If I have the linear algebraic system where its composed as of matrices in that form K*X=F, what column/row operations should I perform if I want to solve it where some of the X variables are known (targeted values) or if I want to solve when variables are constrained relative to each other.

For example, say that I want to solve linear algebraic equations(K*X=F) when its constrained (e.g. X5=X12=X125=X128) or when it has targeted values such as (X13=25; X23=5.4; X33=13 etc...)

Your help will be appreciated!

Regards,

2. May 20, 2013

### Stephen Tashi

That's a good question! Off the top of my head, the brute force approach would be to add more equations and enlarge the matrix K and the vector F so they have more columns. That would work if you have software that solve systems where there are more equations than unknowns. For example $x_5 = x_{12}$ is expressed by the equation $x_5 - x_{12} = 0$. Of course the "target" $x_{13} = 25$ is itself an equation.

However, I don't know that the average software routine for solving linear equations can handle the problem efficiently. For example, if it uses Gaussian elimination, I don't know that it would perform the operations in an order that would make the answer for $x_{13}$ exactly equal to 25. If the software computes the answer by finding the pseudoinverse of a non-square matrix then roundoff errors might be a problem.

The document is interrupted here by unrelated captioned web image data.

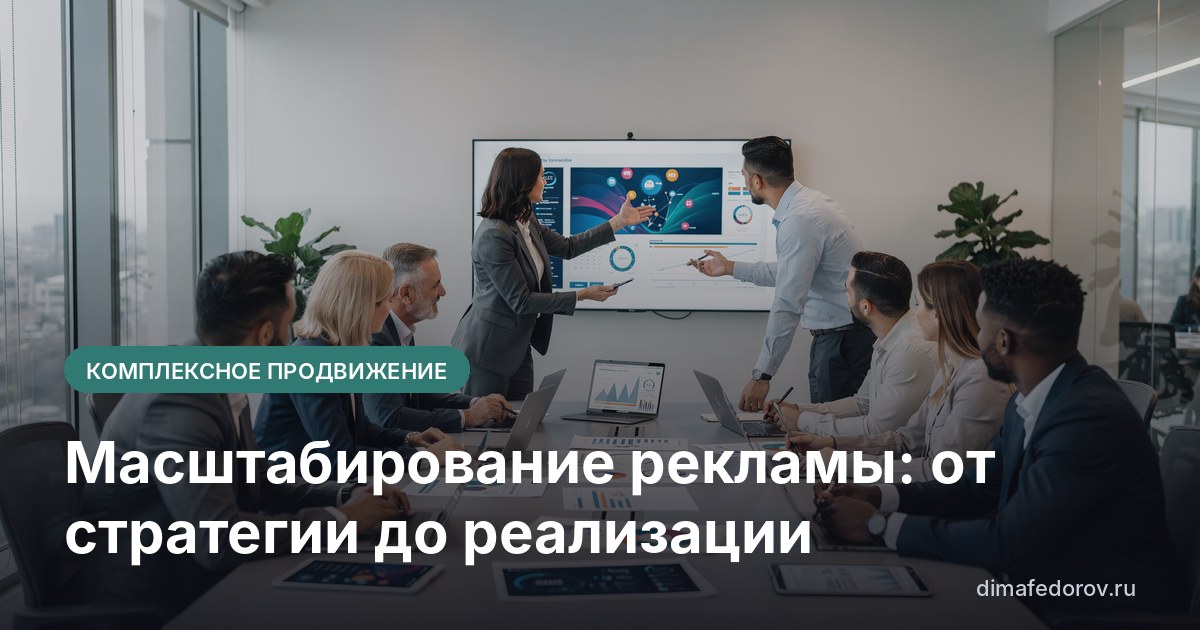 Масштабирование рекламы: от стратегии до реализации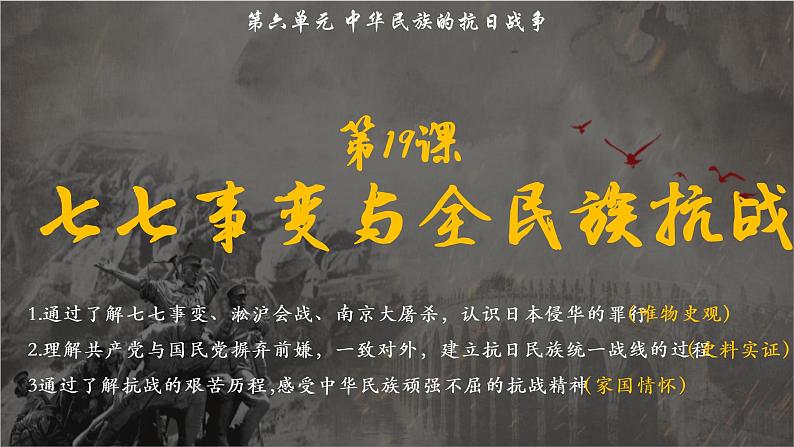 第19课 七七事变与全民族抗战课件---2022-2023学年初中历史部编版八年级上册第2页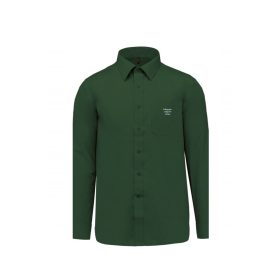   Férfi sötétzöld ing ezüst Jaguar Club hímzéssel - Forest green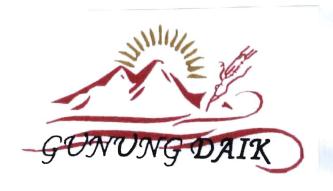 Trademark GUNUNG DAIK + Lukisan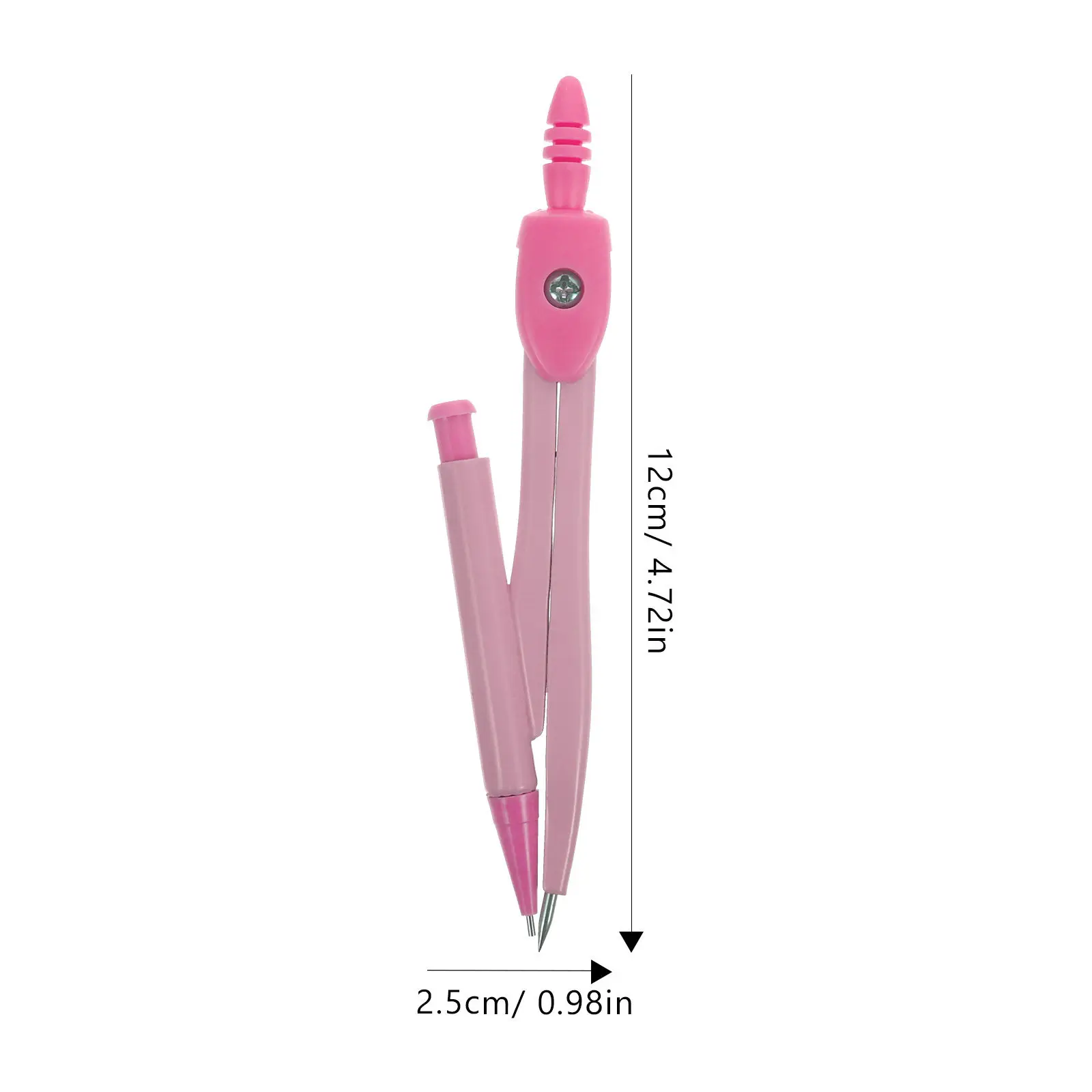 1Set Rust Resistant Metal Compasses for Students Drawing Math Geometry Drafting Tool Portable Circle Drawing Compasses School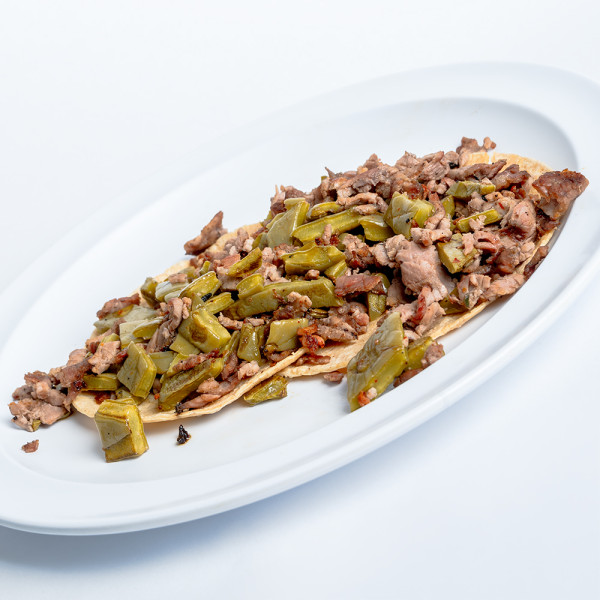 TACOS DE COSTILLA C/NOPAL (2) 130grs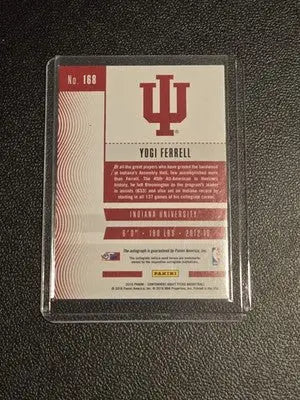 2016 Panini Contenders Draft Picks #168 Yogi Ferrell College Ticket Autographs - Basketball Card Single
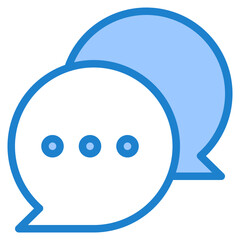 speech blue style icon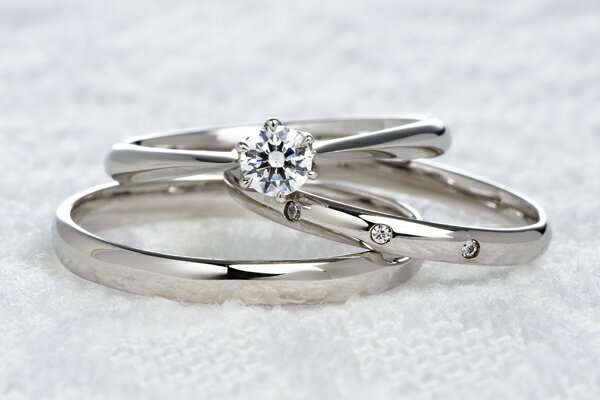 0.25ct.ダイヤモンド婚約指輪(エンゲージリング)/結婚指輪(マリッジリング)3本セットPRF005-025(フリージャ)【当店のオリジナル製品】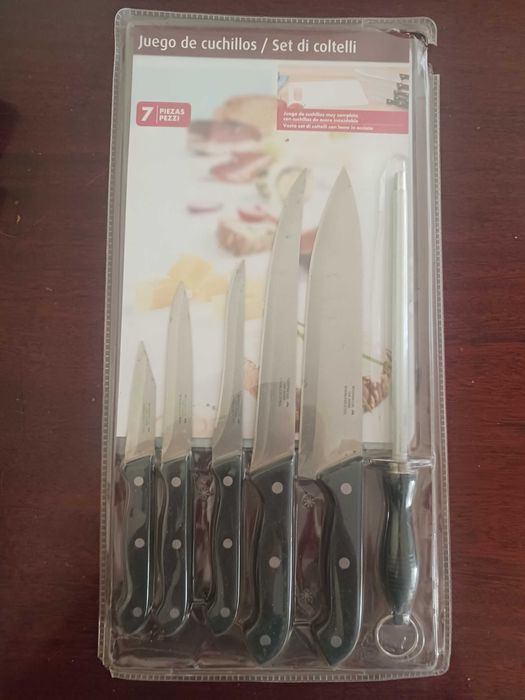 Set cuțite din 7 piese, Italia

Obviously the proper way to do things would be to use substitutions and rewrite your original system of equations so its has fewere variables. You seem to be asking for a matrix oriented method of implementing the substitutions. Off hand, I don't know one. I'll have to think about it.

3. May 21, 2013

### SteamKing

Staff Emeritus
Your question about how to apply known values of X when solving the matrix equation K*X = F has been discussed recently in this thread:

In short, using the known values of X, the matrices K and F can be modified without adding additional equations such that the original matrix equation can be solved using elimination or whatever solution method you choose. The attached pdf in the thread will illustrate the procedure.

4. May 21, 2013

### Ronankeating

Yes SteamKing you've answered this question in the shown thread and thank you for your help, but if you remember I was looking additionally for the constrained type solution also where I couldn't find entry point.

What inspires me actually to ask those question again, I still do have belief deep down inside my brain that I'm following very old methods for this, instead of contemporary and robust ones.

5. May 21, 2013

### SteamKing

Staff Emeritus
For other types of constraint, one possible source of a solution would be to study a branch of mathematics called 'linear programming'.